In the first film Teddy had to come to terms with the passing of his father after being a family friendly troubled youth. In this film Kate must come to terms with her mother dating again as well as learn to accept the son of the new man in her mom’s life. One off trauma cured by an adventure is common in family friendly Christmas films but as depicted in the last film she would appear to be the least likely of the two siblings to develop an issue over mom dating again. It would make more sense to place Teddy in that position.
We get a little bit of time travel in this film that allows for the young Kate to meet her father Doug (here played by Sunny Suljic) when he was about her age. It is a cute moment that also provides for a rather entertaining and larger production of a song and dance number in a similar vein as to what the last film had. It is also quite possibly the only reference to the need to keep the Christmas Spirit up otherwise bad things will happen.

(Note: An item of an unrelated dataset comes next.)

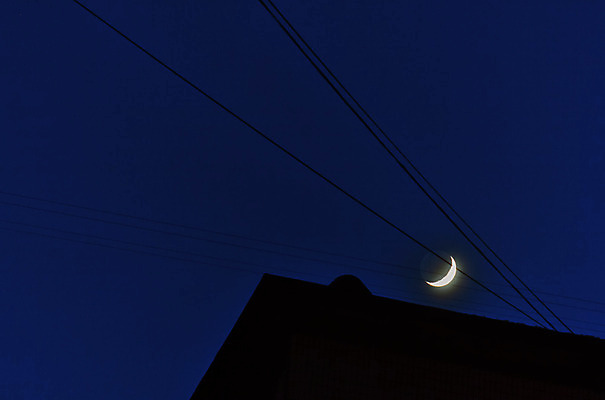 포토 JPG 해외이미지 실루엣 별 여행 백그라운드 건축양식 자연 하늘 지붕 새로움 풍경 사람없음 건물 빨간색 파란색 빛 태양 우주 일출 검은색 어둠 황혼 일몰 무대 보름달 달 대접 도시 야간 저녁 달빛 가득함 상승 2018년 특별함 해외202004 해외포토 자연요소 건축물 건축 컬러 컨셉 촬영기법 노을 연도 생태계 파일형식 이미지허브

While I think the story feels a little more forced than the first film and it does have some story issues it is still an enjoyable watch. It is the kind of straw that Chris Columbus can spin into gold. It is light and bouncy and just fun. A film like this is not a sophisticated work. It is meant to make you and your kids smile and get into the spirit of the season. And this movie does that.
The Christmas Chronicles 2 is a fun and entertaining sequel. Is it the greatest film ever? No. That title is held by the original Star Wars, but this is an enjoyable Christmas film for the whole family despite its flaws. Not necessary viewing but not a complete disappointment. Only “if you want.”